→ **What to work on**
Where the records below reach the line containing "PawHut Foldable Chicken", start transcribing, and end with the line containing "Vista Blue Metallic", exactly and with nothing else added.

→ **Dataset entries**
=== Section Start ===
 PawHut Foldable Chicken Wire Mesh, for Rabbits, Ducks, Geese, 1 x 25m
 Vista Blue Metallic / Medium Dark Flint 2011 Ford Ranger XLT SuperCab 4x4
=== Section End ===
=== Section Start ===
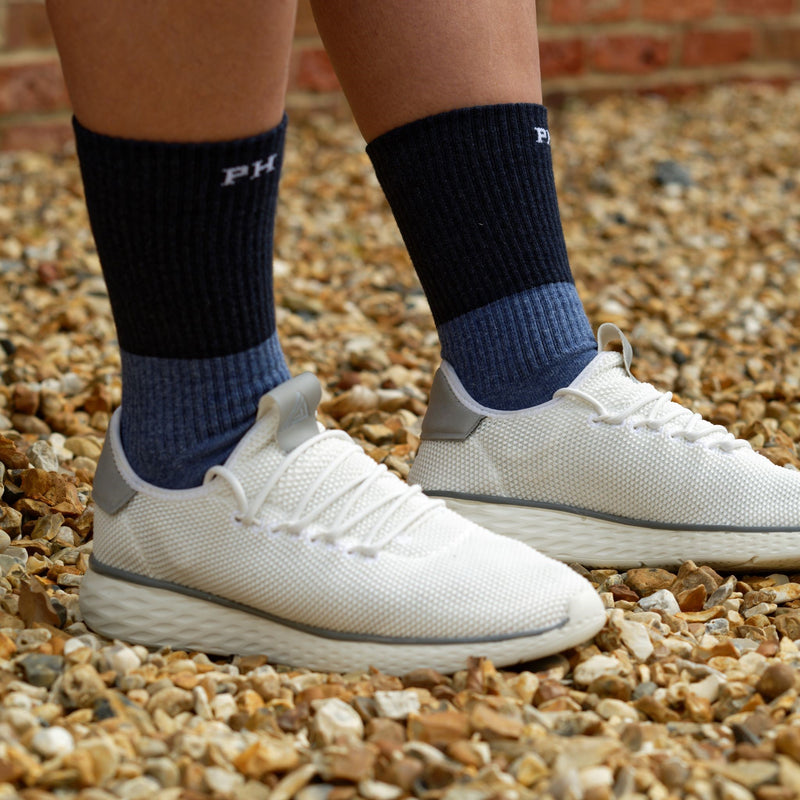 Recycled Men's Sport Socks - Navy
=== Section End ===
→ **Task result**
 PawHut Foldable Chicken Wire Mesh, for Rabbits, Ducks, Geese, 1 x 25m
 Vista Blue Metallic / Medium Dark Flint 2011 Ford Ranger XLT SuperCab 4x4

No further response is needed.